In my previous post I discussed the steps I took to deploy my IPython notebook to IBM bluemix allowing users to access the tool through a browser without the need to install anything on their computers.

The next step was to modify the solution to allow for

  • Plotting the TSX exchange year closing values against any business license graphs.
  • Adding a second postal code field to allow comparing two postal code licenses numbers in one graph
  • Enhanced ‘Save’ button to save the graph so you can download it to your computer and use in presentations, documents, etc.
Enhanced output of comparing  two postal codes “Eating Establishments” licenses with the TSX yearly closing plotted in black.

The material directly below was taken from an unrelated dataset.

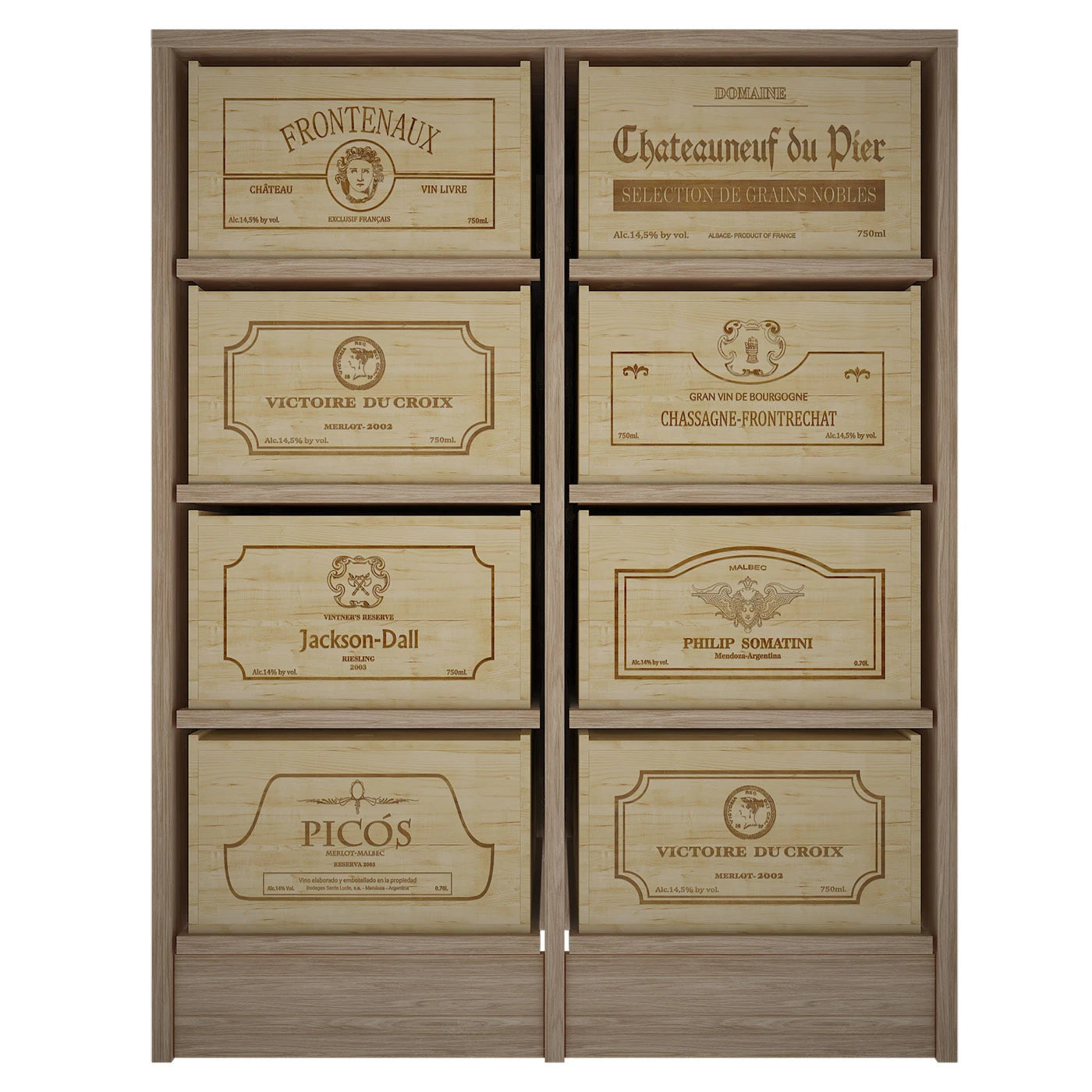 Pine wood wine rack for 96 bottles, Godello EX2545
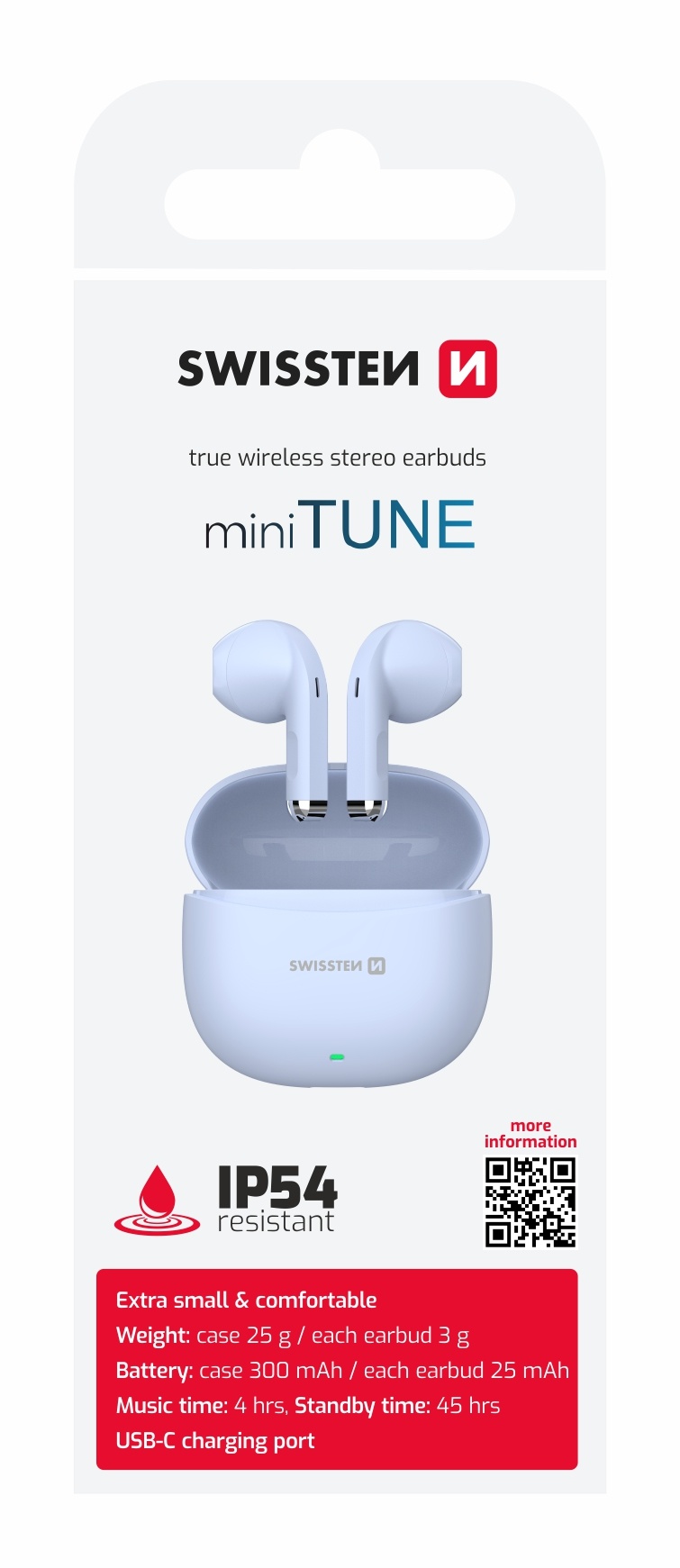 SWISSTEN Mini Tune bezdrátová sluchátka TWS Bluetooth 6.0 IP54 modrá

Simple graphs like the above allows us to make some quick conclusions

  • M5V (downtown) postal code licenses is very much related to the TSX movements.
  • This correlation has weakened somehow since the great recession of 2008 (business shock ?!).
  • M4K (Danforth) postal code licenses seem to be steady in its issuance/cancellation rate indicating the area is resilient to economic shocks.
  • Both areas (as most other businesses) faced a high rate of cancellation in 2005 (Maybe an effect of change of regulations ?!).

Using the tool


  • Give it a few seconds to finish opening, then select ‘cell’ -> ‘run all’
  • step3
  • Use the tool to select
    • The Category you want to study
    • Optionally specify 3 Letter postal code for an area
    • Optionally specify a second postal code to compare
    • Select which data you want (Issued/Canceled/total).
  • You can now click the ‘save as png’ to save the data plot
  • estep2
  • Once you do that you can go back to the ‘home’ tree view
  • You will now see the file saved as Category_Postal_startyear_endyear.png as below
  • estep3
  • You can download and save that file for your own use.


Adding external data like TSX closing numbers, GDP data, Interest Rates, Inflation index to existing Open Data available from the government could paint a more complete picture of our analysis, showing the effect of the over all economy on both Business and Social changes in the city.